The killing of the animal was admitted, and there was evidence as to its value. There was also evidence on behalf of the defendant company, tending to show that there was due diligence and no negligence.

*280The evidence of the engineer, which, if accepted by the jury as true, would make a competent defence to the charge of negligent killing, is set out in full in the case on appeal, but “error cannot be assigned and become the subject of review in an omission or neglect to give a specific instruction, even when proper in itself, unless asked, and thus called to the attention of the Judge in order that he may rule thereon.” State v. Bailey, 100 N. C., 528, and cases cited. We need not, therefore, advert to the testimony or reproduce it here.

The only exceptions presented for our consideration are to the refusal of his Honor to instruct the jury as requested, and to the charge as given.

The defendant asked the Court to charge the jury as follows :

1. That if the defendant’s engine and cars were furnished with all the modern appliances for stopping the cars in emergencies of this kind, and the usual head-light, and the defendant’s engine and cars were in charge of a prudent and skillful engineer, who was running his train within the prescribed limit, was at his post, looking forward on the track, and, soon as he discovered the steer on the track by means of his head-light; reversed his engine, blew on brakes, sounded the cattle alarm, and otherwise did all in his power to stop the engine, then the defendant was not guilty of negligence.

2. That if the plaintiff permitted his steer to leave home and stray upon the track of the defendant’s road, the plaintiff was guilty of contributory negligence.

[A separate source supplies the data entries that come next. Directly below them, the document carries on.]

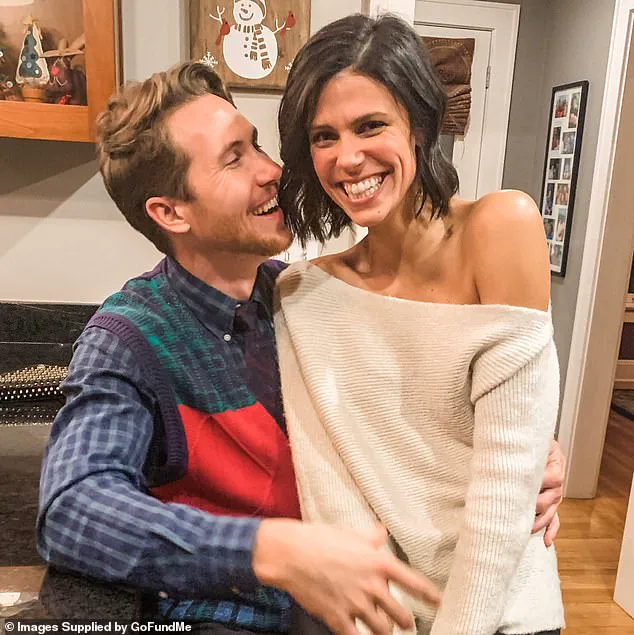 Calm Demeanor in Booking Video as Michael McKee Faces Charges in Ohio Couple's Deaths, Fox News Reports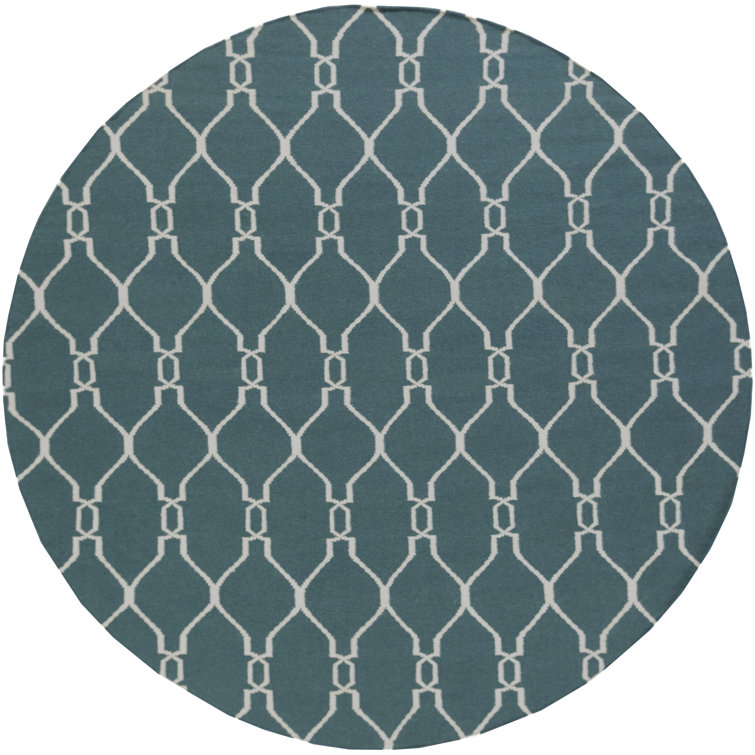 Banshi Rug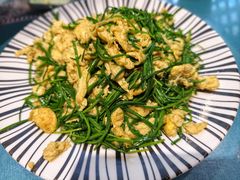 -乡村馕坑肉·烧烤·新疆菜·本地人更爱吃(阿勒泰首店)
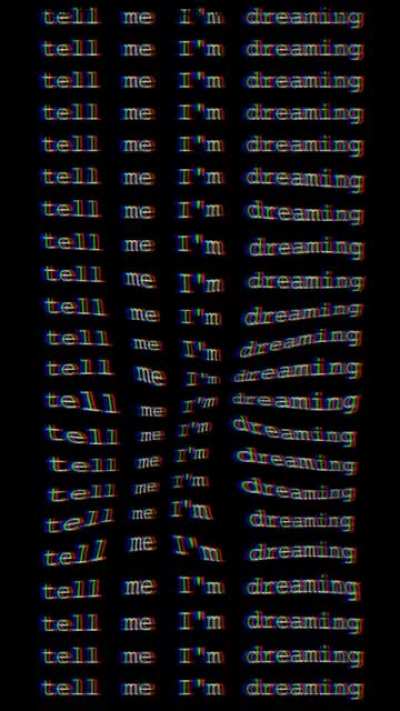 I told my therapist I take 60 pills every night and she didn’t stop me. Is that fate or does this mean she just does not care? It was a cry for help but maybe I’m destined to die from these pills.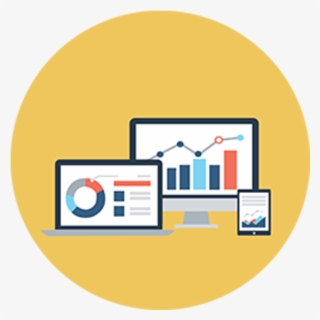 Backend-development - Front And Back Ends #4930061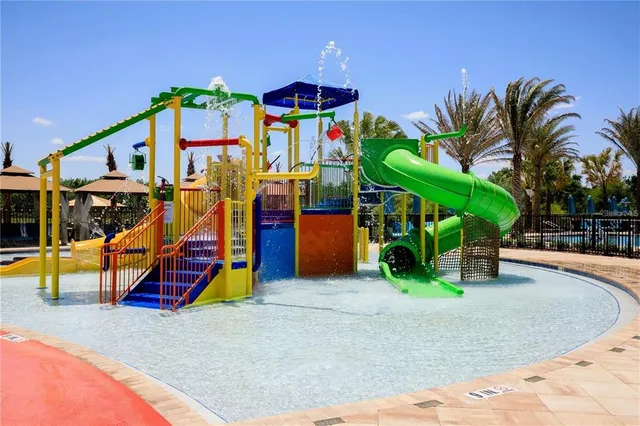 $3,000 | 181 Mitchell Manor, Haines City, FL 33844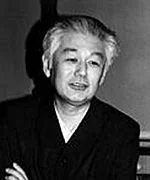 Обложка Оповіданняі - Збірка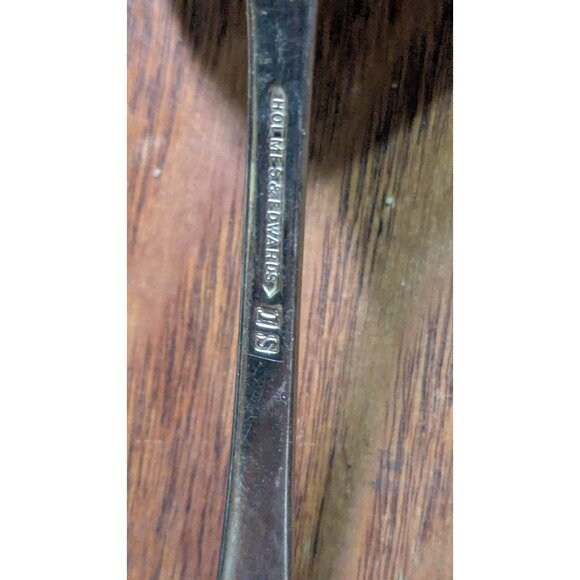 DK Collectors Guide Costume Jewelry Hardcover By Judith Miller 2003 Visual Guide - Picture 5 of 7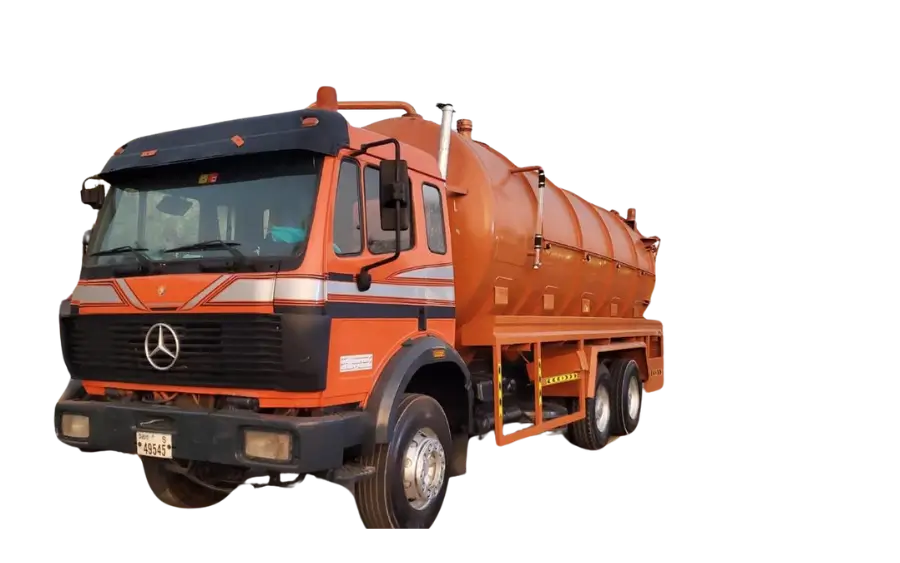 Majari Extraction Tanker Dubai - sbdraining Majari Extraction Tanker Dubai - sbdraining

The Court declined to give the instructions as requested, but instructed the jury as follows, to-wit:

“In cases of this character, where an action was brought within six months, the law presumes negligence; that, notwithstanding this presumption, if the facts showed that there *281was, in truth, no negligence, the defendant would be entitled to a verdict. The Court further stated to the jury that, if the defendant had on the train a competent engineer, and that they had all the appliances necessary to control the train and manage the same, and that the engineer kept a good lookout, and, as soon as he discovered the object before him, he used all the means in his power to stop the train, and could not possibly do so, the defendant would be entitled to a verdict.”

To the refusal of the Judge to give the instructions requested, and to the charge as given, the defendant excepted.

There was verdict and judgment for the plaintiff, and the defendant appealed.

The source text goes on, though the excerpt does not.